Gold dips as Euro pulls back, but gold leasing rates near a four-year high
Spot Gold Prices rose to a one-week early Thursday, touching $663.60 before pulling back to bounce off $660 per ounce shortly after the Wall Street open.
Gold leasing rates had earlier risen strongly, hitting their highest level since Nov. 2003, as London's largest bullion banks demanded a greater rate of return for lending their gold over the coming 12 months.
European stock markets cut their morning gains in half to 0.48%, meantime, and US stocks retreated towards break-even as the London close drew near. Stock futures had pointed higher after Bank of America announced a $2 billion cash-loan to ailing US mortgage lender, Countrywide. Bank of America is one of four major US banks that borrowed $500 million each from the Federal Reserve on Wednesday.
Two-year Dollar bond prices slipped and yields rose following this week's apparent "flight to safety" on Black Monday, but the interest-rate charged on one-year loans of Physical Gold Bullion rose faster still in London. The gap widened to 0.45% above the cost of interbank US Dollar loans, said data from the London Bullion Market Association. After gold leasing rates began to turn sharply higher at the start of this month, today's move suggest that large gold owners are increasingly cautious about lending out their bullion.
"If people are not investing in bonds, they have to put their money somewhere else and that's equities or alternative investments such as gold," says Walter de Wet at Standard Bank in Johannesburg.
"The real driver [of today's gains] is confidence in the financial markets."
In Tokyo the broad Topix index of Japanese equities added 3% by the close, while Tocom gold futures for delivery in June '08 gained nearly 2% against the Yen. Tokyo gold prices ended the session near unchanged in Dollar terms, however, as the Japanese currency weakened sharply on the forex markets after the Bank of Japan voted to keep Yen interest rates on hold for the fifth month in a row at just 0.5%.
High-yielding currencies including the New Zealand Dollar rose 2% by lunchtime in London. The Kiwi Dollar has now regained half of the losses it suffered when the Yen rallied sharply during the world stock-market sell-off starting three weeks ago.
"The [gold] charts look better although I think gold needs to break $670 to sustain the uptrend," said one Singapore gold dealer to Reuters earlier today. "Also, there's still a lack of buying interest from the securities side and other big boys."
While Asian investors remain cautious on gold, however, "physical demand has been reported in India and the Middle East, especially in the form of jewelry," said Pradeep Unni of Vision Commodity Services in Dubai to Bloomberg today.

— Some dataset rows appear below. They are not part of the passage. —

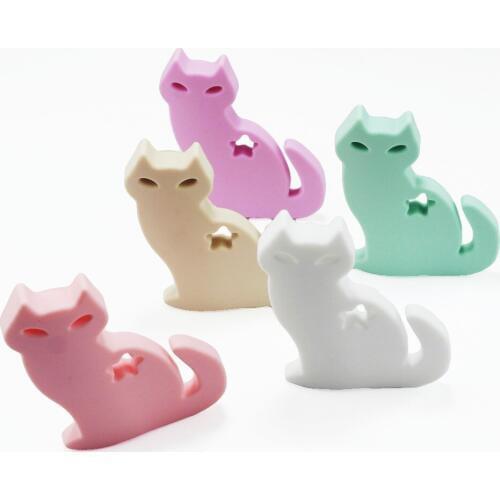Sutoyuen Silicone Baby Teether Toys Lovely Silicone Cats Teething Boys' Nursing Necklace 5pc Pendant Silicone Charms BPA Free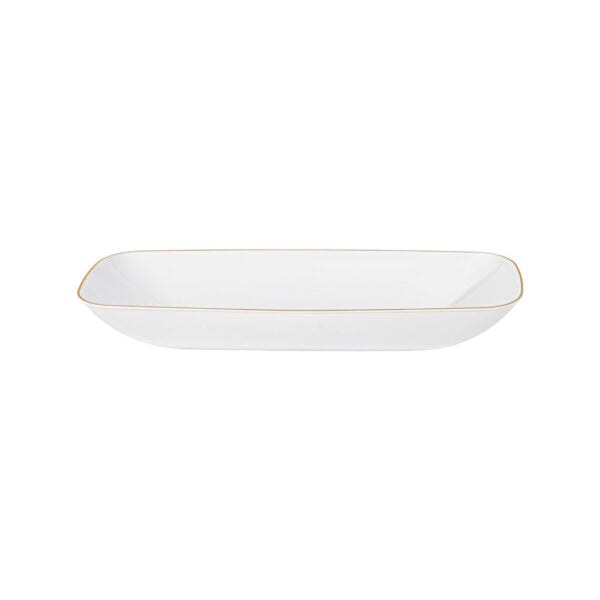 White and Gold Organic Rectangular Plastic Salad Bowl - 1 Count | Eco-Friendly Serving Dish for Healthy Meals, Parties & Picnics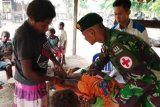 Yonif MR 411/PDW gelar pelayanan kesehatan dan posyandu di Merauke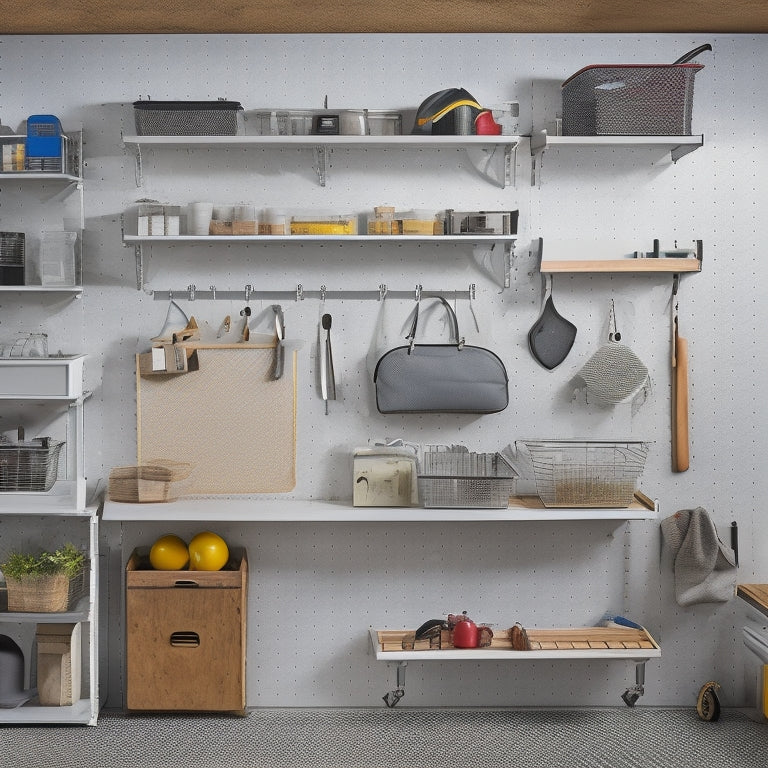 A clutter-free small garage with a sleek, silver pegboard on one wall, holding various tools and accessories, and a wall-mounted shelving unit with labeled bins and baskets above a tidy workbench.
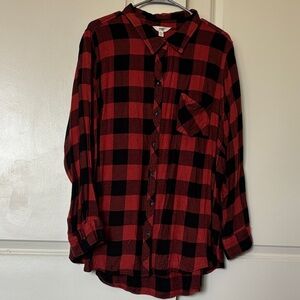 Terra & Sky burnt Orange and Black Plaid Button Down Shirt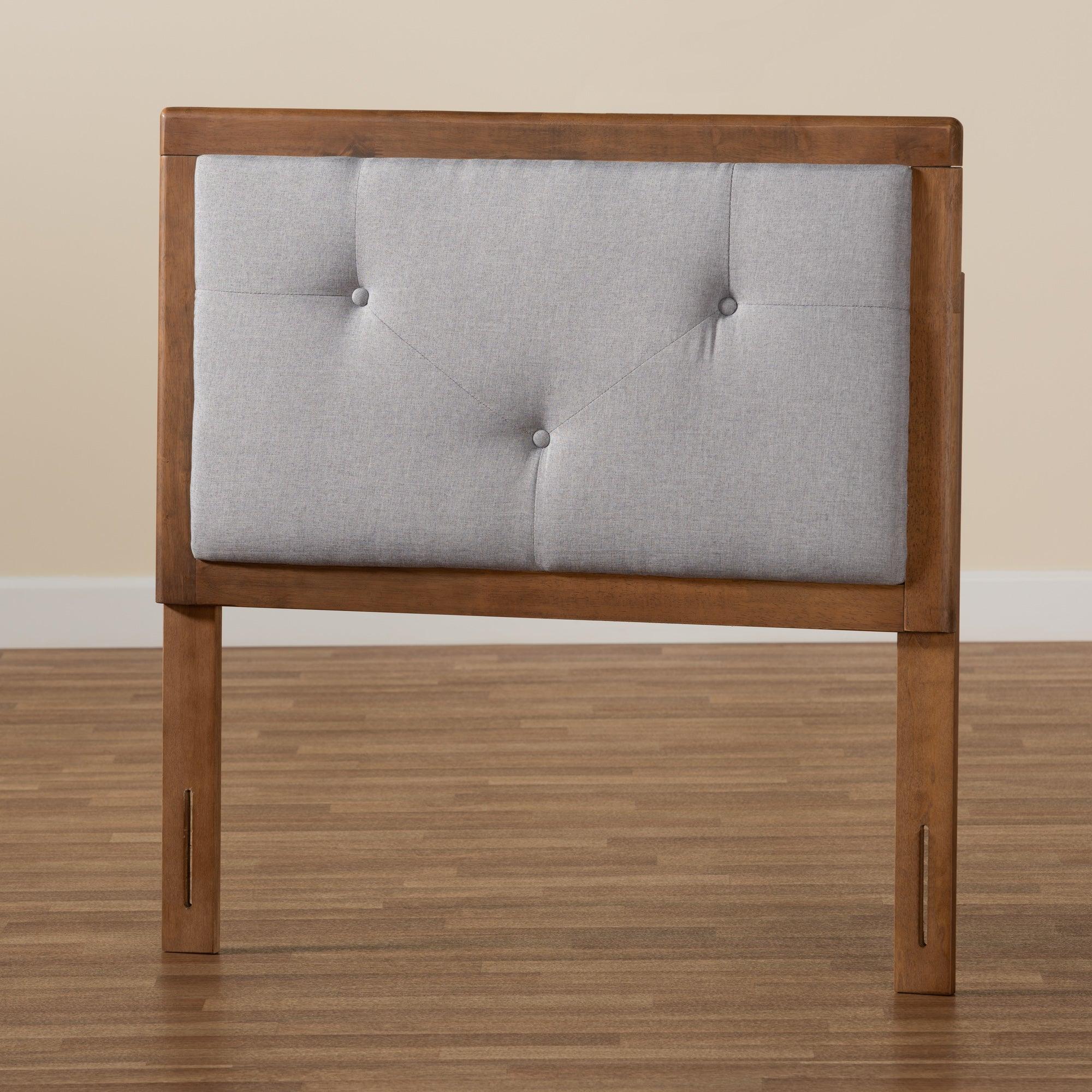 Abner Modern and Contemporary Transitional Light Fabric Upholstered and Finished Wood Headboard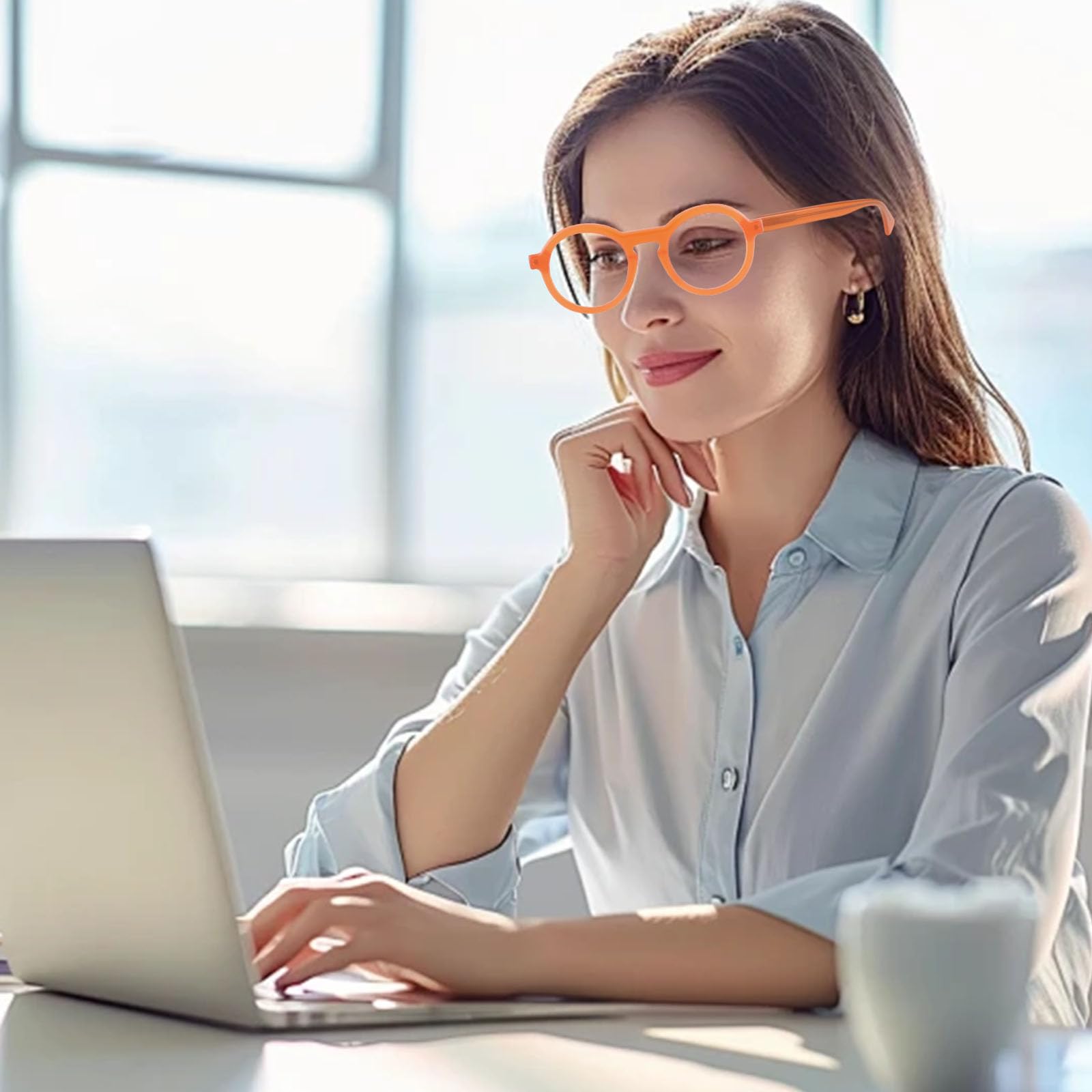 Rotondo Occhiali da Lettura Per Donna e Uomo Presbiopia Anti Luce Blu Acetato Frame Retrò Occhiali Presbiopia Lettori perTablet Gaming Ufficio Riposo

"During the last eight months, $640 has served as a strong support. Each time gold touches that level, there is a substantial rally."
Physical gold sales in the Indian sub-continent are now due to rise sharply as the harvest festival season draws near. Gold jewelry sales traditionally peak in early Nov. with Diwali, the Hindu festival of lights.
"India is picking up a little bit after the low season," confirms Ellison Chu at Standard Bank in Hong Kong. "We saw people shop around...[but] maybe some physical users, not investors."
Total gold demand in China, Taiwan and Hong Kong rose by more than one quarter between April and June, said the World Gold Council on Wednesday, hitting 85.5 tonnes. Mainland demand rose by 32% following the start of the "Year of the Pig" in the Chinese zodiac. 2007 in fact marks the year of the "Golden Pig" on the lunar calendar, an auspicious time in Chinese tradition occurring just once every six decades.
Back in the gold market, meantime, the Euro Price of Gold hit a week's high above €490 per ounce even as the single currency jumped above $1.3580. Both gold and the single currency then retreated against the US Dollar, while the British Pound pulled back from a new one-week high just shy of $2.0100 following a weak data report for business investment. The Sterling Price of Gold had earlier touched £333 per ounce for the first time since last Thursday.